(Data excerpt Opens)
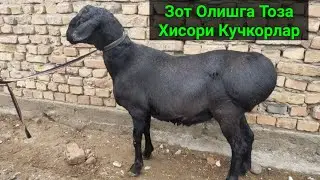 ЗОТ УЧУН ТОЗА ХИСОРИ КУЧКОРЛАР сотилади.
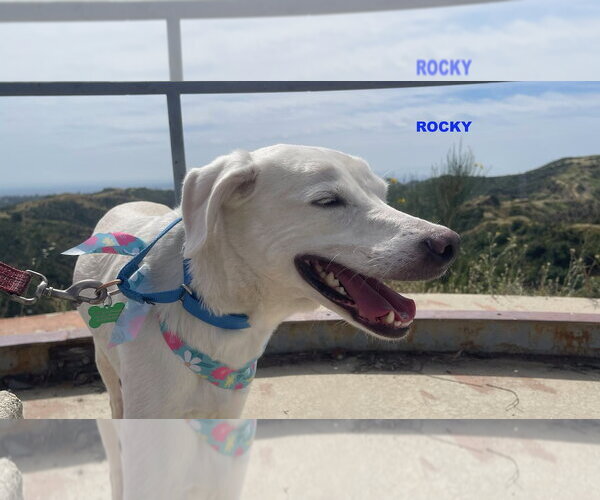 Medium Photo #4 Labrador Retriever-Unknown Mix Puppy For Sale in Woodland Hills, CA, USA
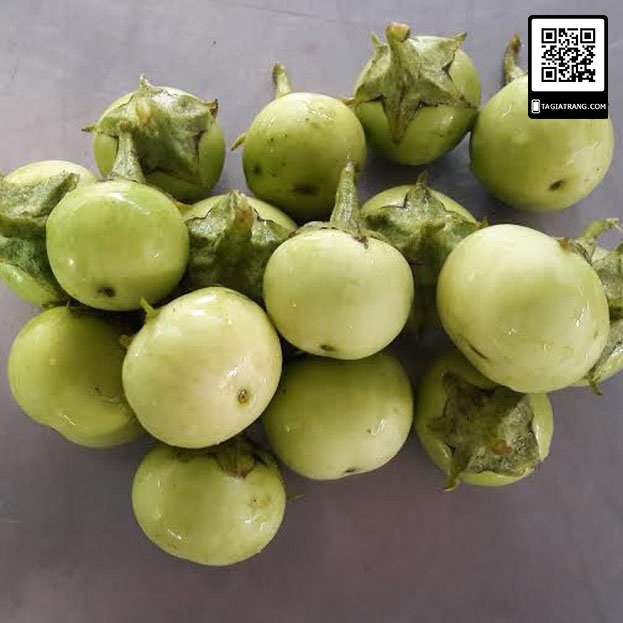 Hạt giống Cà pháo xanh cao sản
(Data excerpt Closes)
What is required: Skip the pictures and copy exactly the lines from the one containing "Medium Photo #4" through the end of the material, both ends included.

Completed task:
 Medium Photo #4 Labrador Retriever-Unknown Mix Puppy For Sale in Woodland Hills, CA, USA
 Hạt giống Cà pháo xanh cao sản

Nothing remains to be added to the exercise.